Culture Inside Rimon
Giroux: How are you thinking about these same generational and workforce dynamics inside Rimon? What kind of culture are you building?
Kordian: We use our own product internally. If someone fixes something, we say, “Great, now record it.” It’s about making knowledge accessible across the team, not siloed. That creates independence and resilience. We’ve seen it play out, when someone’s sick or on vacation, their knowledge is still there, available.
Michael: It also changes the meaning of knowledge. It’s no longer “mine.” It becomes “ours.” That mindset of co-creation, of shared responsibility and shared growth, that’s what we’re trying to build.

Building Bridges Between Ecosystems
Giroux: Do you see a model for how ETH – and Swiss innovation more broadly – can better connect with ecosystems like the one emerging in Detroit and the Great Lakes region?
Michael: Honestly, I’d love to see more structure there. Right now, so much depends on personal connections. It would help to have clearer pathways like more clearly defined resources, soft-landing programs, industry introductions, etc.

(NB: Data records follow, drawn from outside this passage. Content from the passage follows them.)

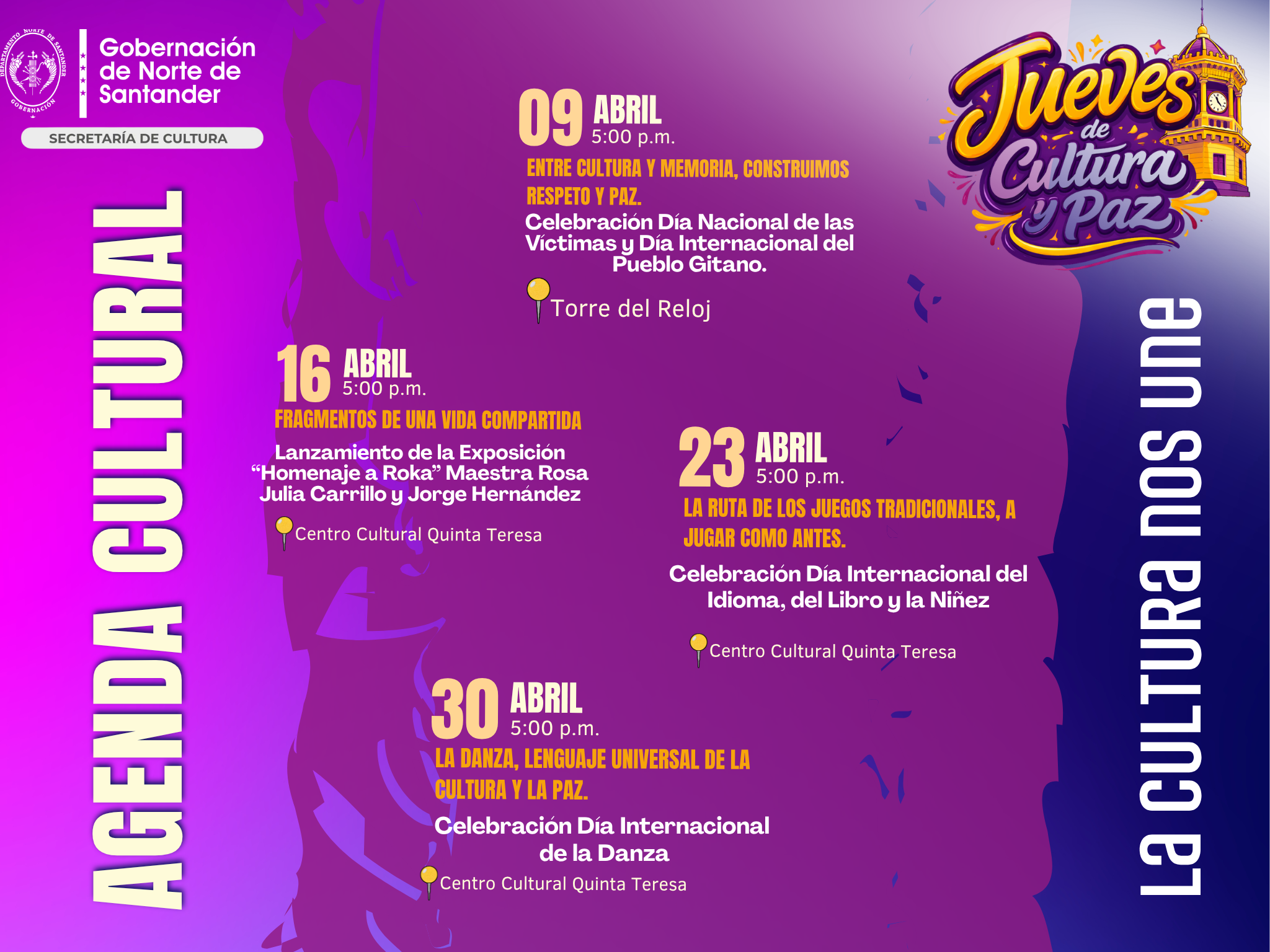 Ya disponible la agenda de “Jueves de Cultura y Paz” con actividades gratuitas en abril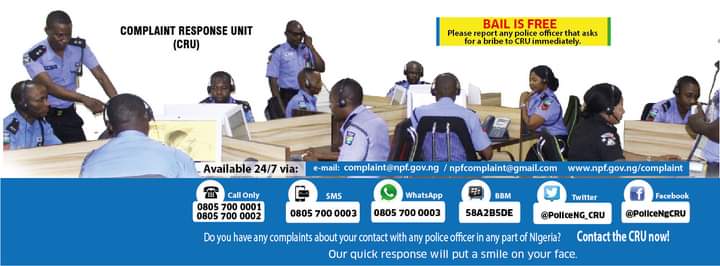 Report to Police Complaint Response Unit (CRU)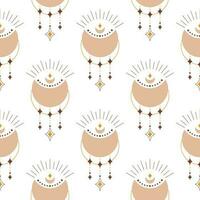 Cute boho moon seamless pattern. Creative childish print for fabric, wrapping, textile, wallpaper, apparel. Vector digital paper.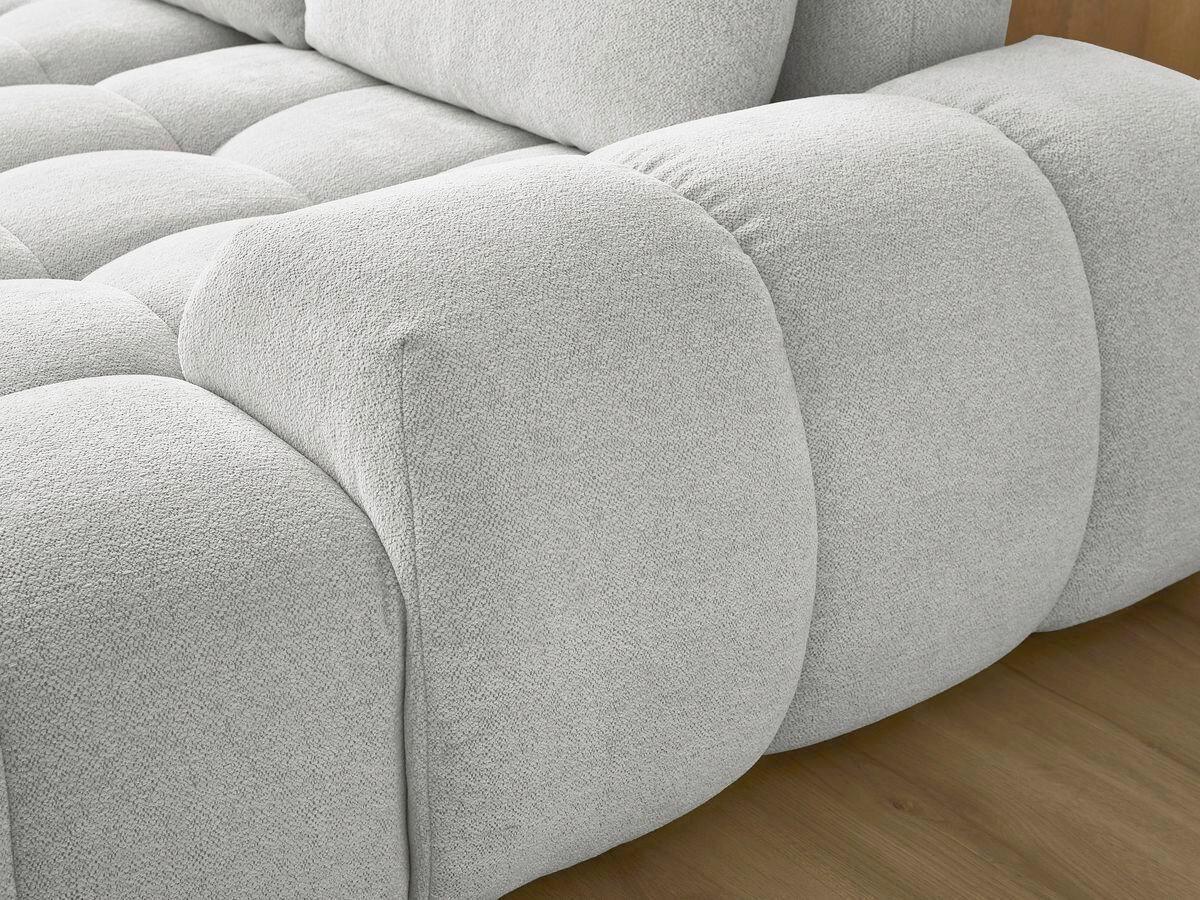 ECKSCHLAFSOFA EVEREST  mit Rücken echt, Armteil links, Armteil rechts Flachgewebe Hellgrau  - Hellgrau/Schwarz, MODERN, Kunststoff/Textil (212/423/198cm)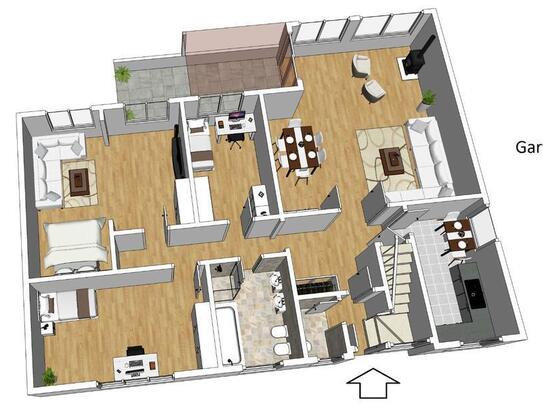 4 Zimmer Erdgeschosswohnung Kamin Garten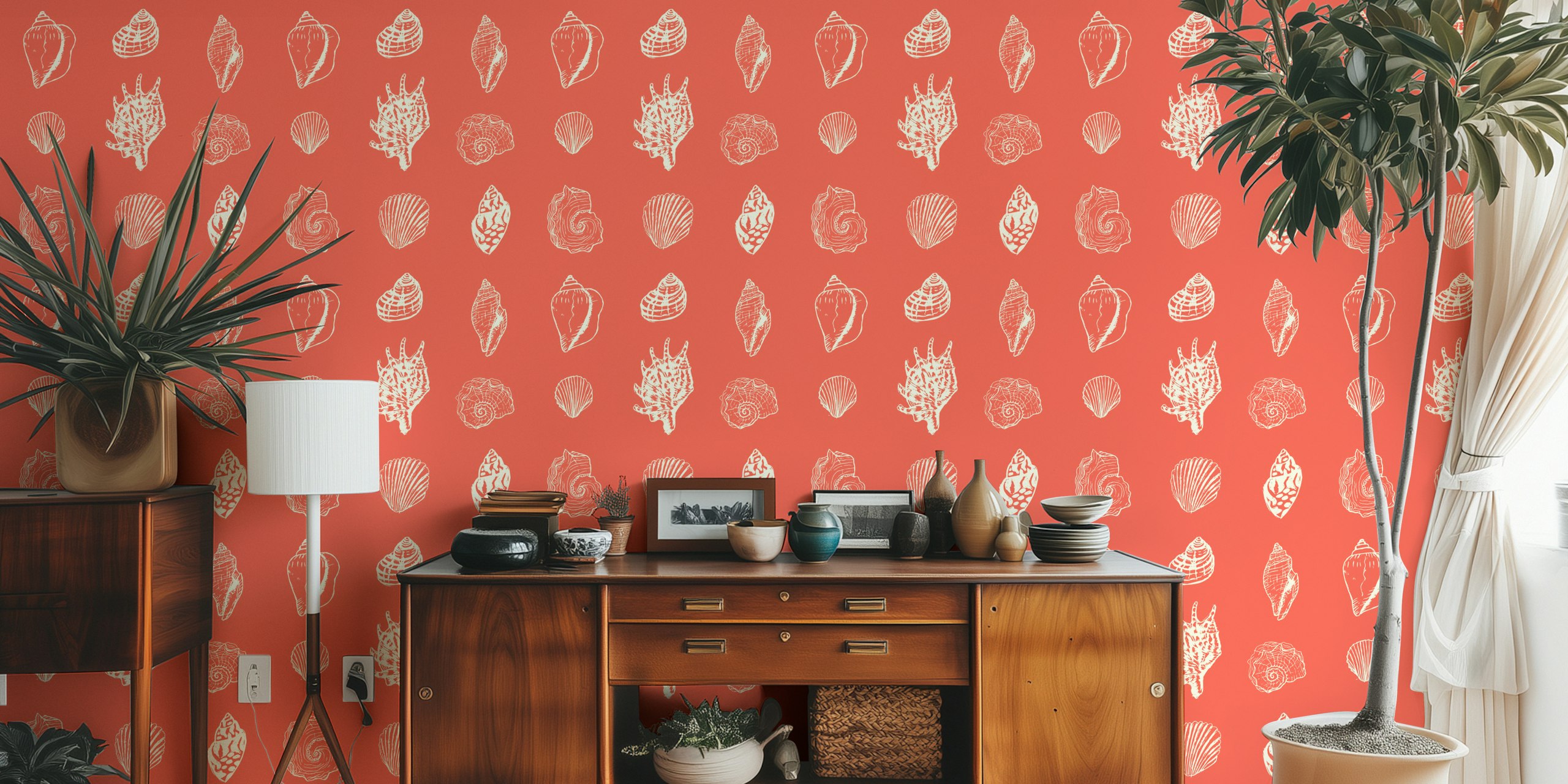 Seashell Serenade wallpaper in a room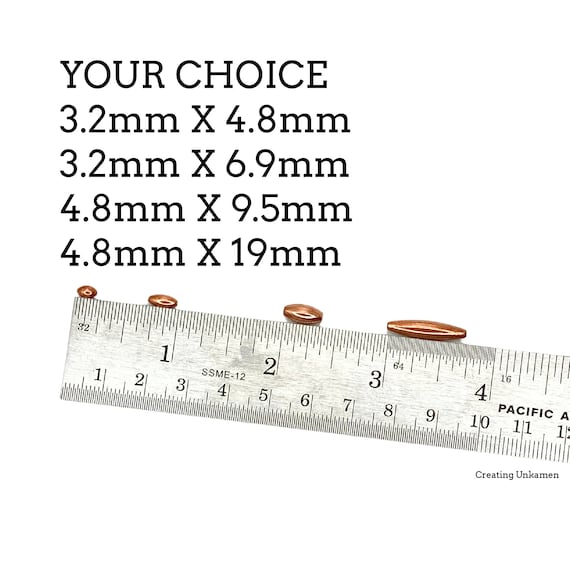 Beads Smooth Oval Copper Ready to Patina or Seal - 3.2mm X 4.8mm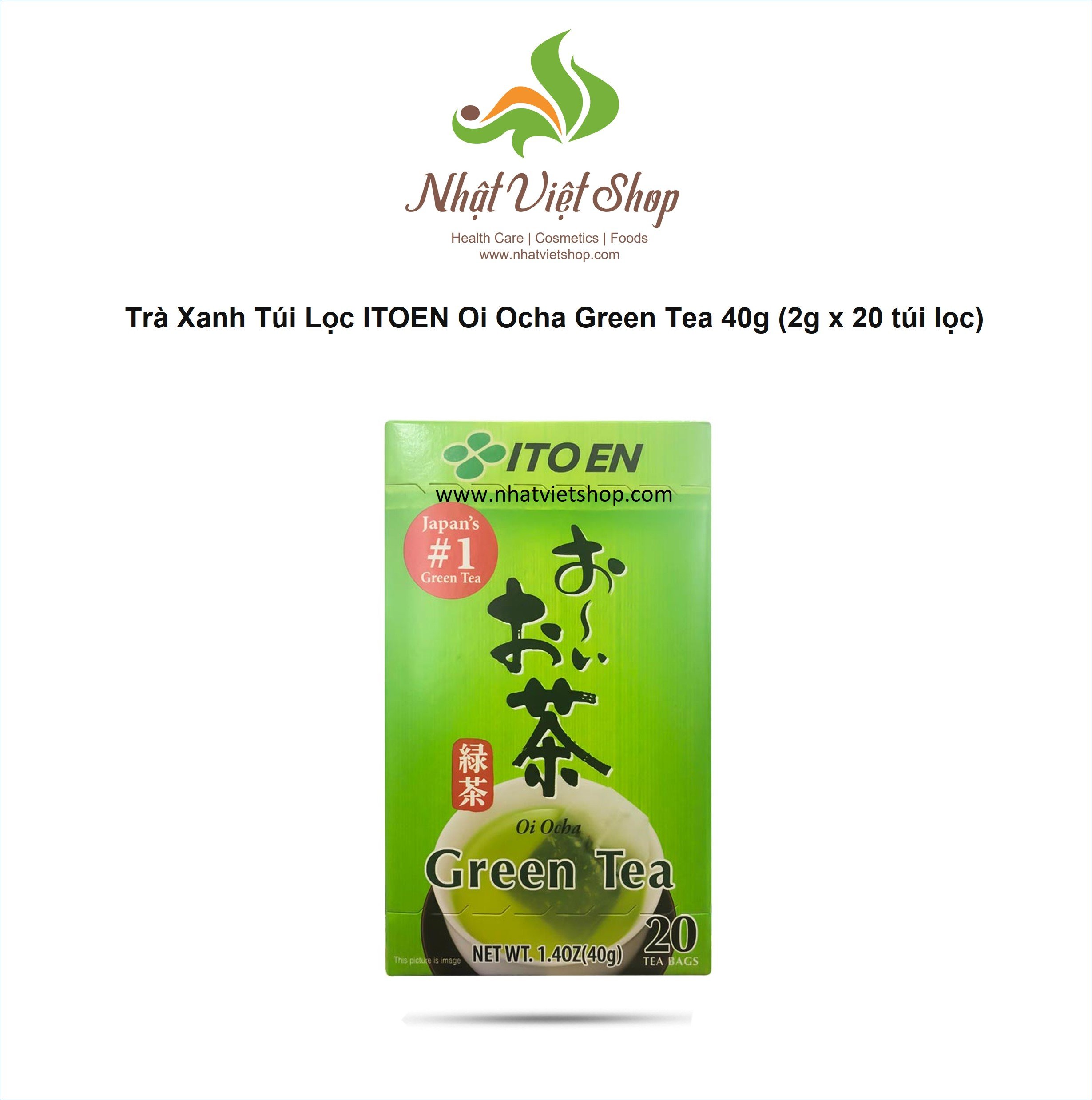 Trà xanh túi lọc itoen oi ocha green tea 40g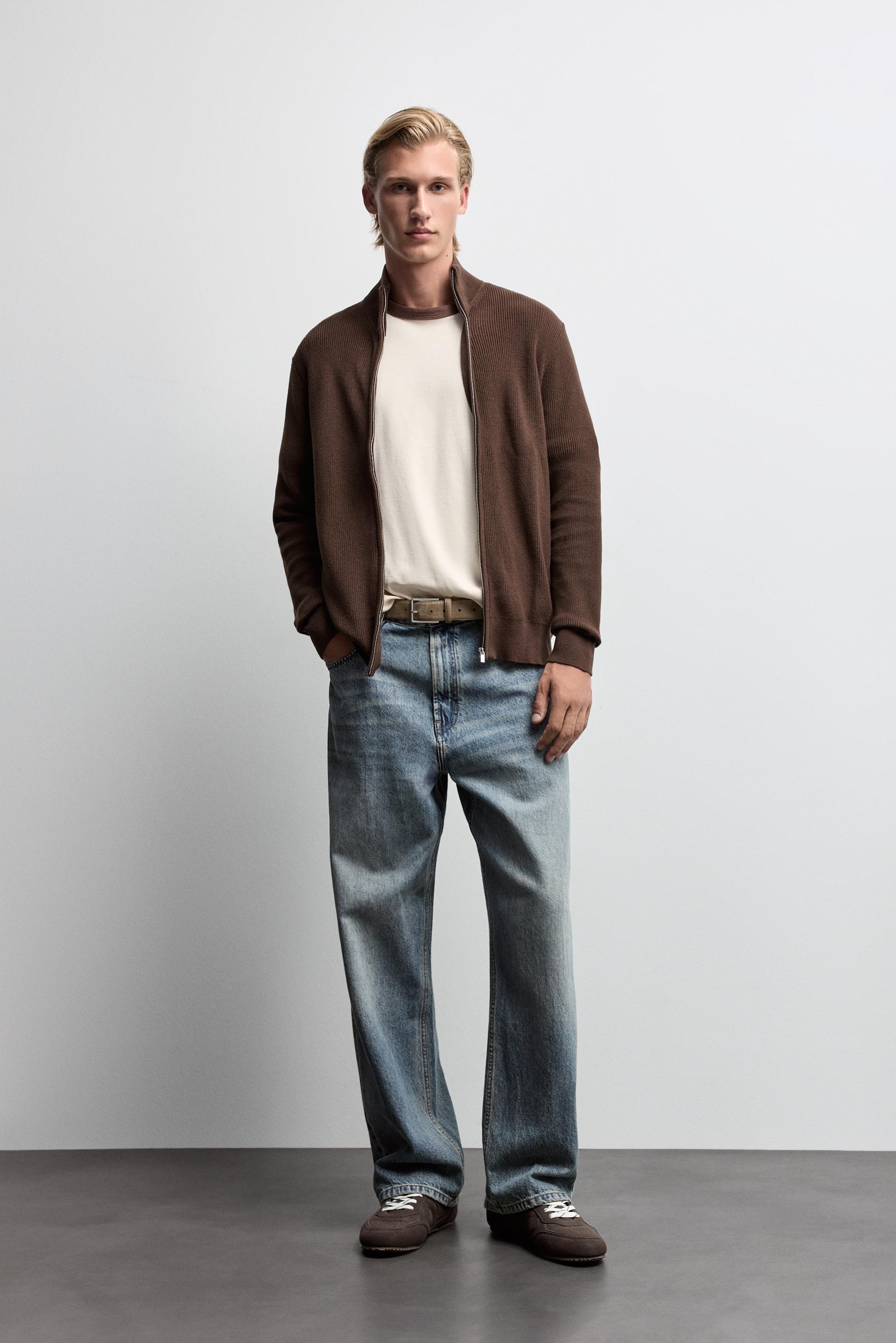 Zip-up knit cardigan — BROWN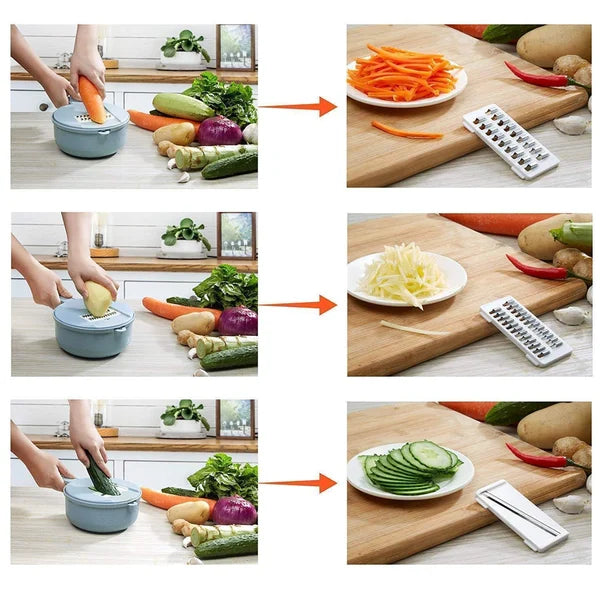 Tranche-légumes 12-en-1 MultiSchnitt — Outil multifonction pour trancher, râper et hacher
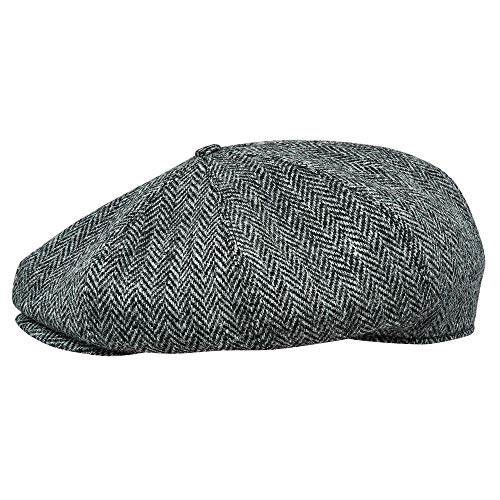 Sterkowski Peaky Style | Harris Tweed Schiebermütze für Herren | Schiebermütze Herren Cabrio Mütze Herren Schirmmützen für Herren Gatsby Cap 62 cm Schwarz/Grau von Sterkowski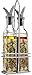 Gourmia GVD9990 Oil and Vinegar Dispenser Set - Elegant Square Design, Easy Flow Dual Drip-Free Spouts for Controlled Flow – Steel Wire Table and Counter Stand Holder
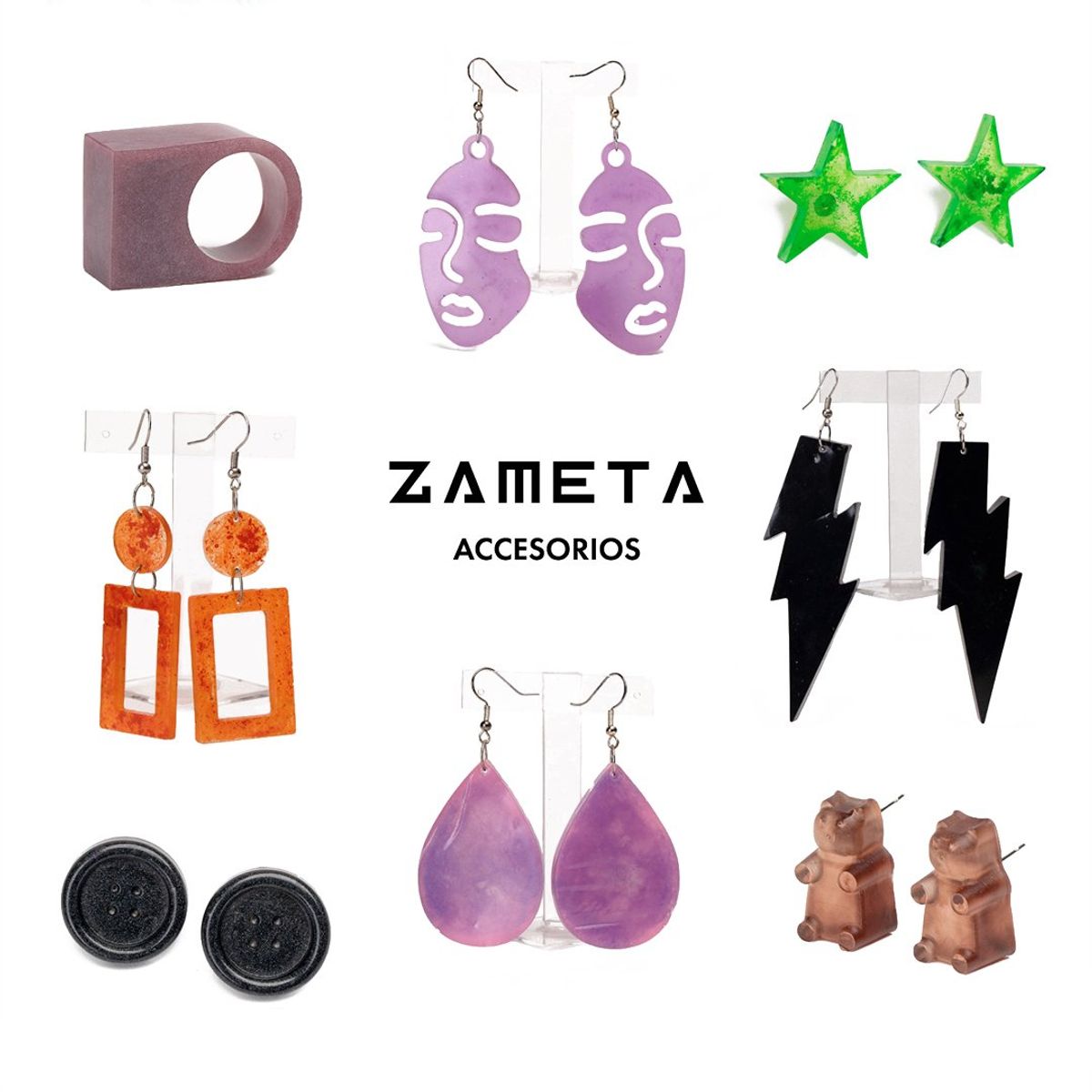 ZAMETA - Pendientes Diseño Mariposas Celeste Zameta By Lina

There’s huge potential, but we need to make it more intentional.
Kordian: ETH has a big mechanical engineering base. The Great Lakes region is full of companies that need and have that expertise. But no one talks about it. Everyone’s still focused on Silicon Valley. We should be sending founders to Detroit for two or three months to explore the ecosystem. That’s how you build real bridges.

The Long View
Giroux: Looking ahead five or ten years, what do you hope people will say about Rimon, not just in terms of success, but in how it helped reshape how we work and share knowledge?
Michael: That we helped companies stay competitive in a shifting world. That we empowered people, preserved expert knowledge, and gave companies a way to evolve without losing their edge.
Kordian: That we made knowledge alive. That we helped make companies wiser, where knowledge isn’t static or siloed, but shared and valuable. Where someone new can join and do meaningful work, fast.
Closing
As someone shaped by both Zurich’s precision and Detroit’s momentum, I believe the future of innovation depends on building bridges – between ideas and impact, institutions and industries, cities and the world. Rimon’s journey is a reminder that bold thinking can travel… and that the future of work may very well be written in the collaboration between places like ETH and the Great Lakes. Even their name – Rimon, Hebrew for pomegranate – reflects a belief in abundance, in seeds of knowledge coming together to form something whole. The question isn’t just where ideas begin. It’s where we choose to take them.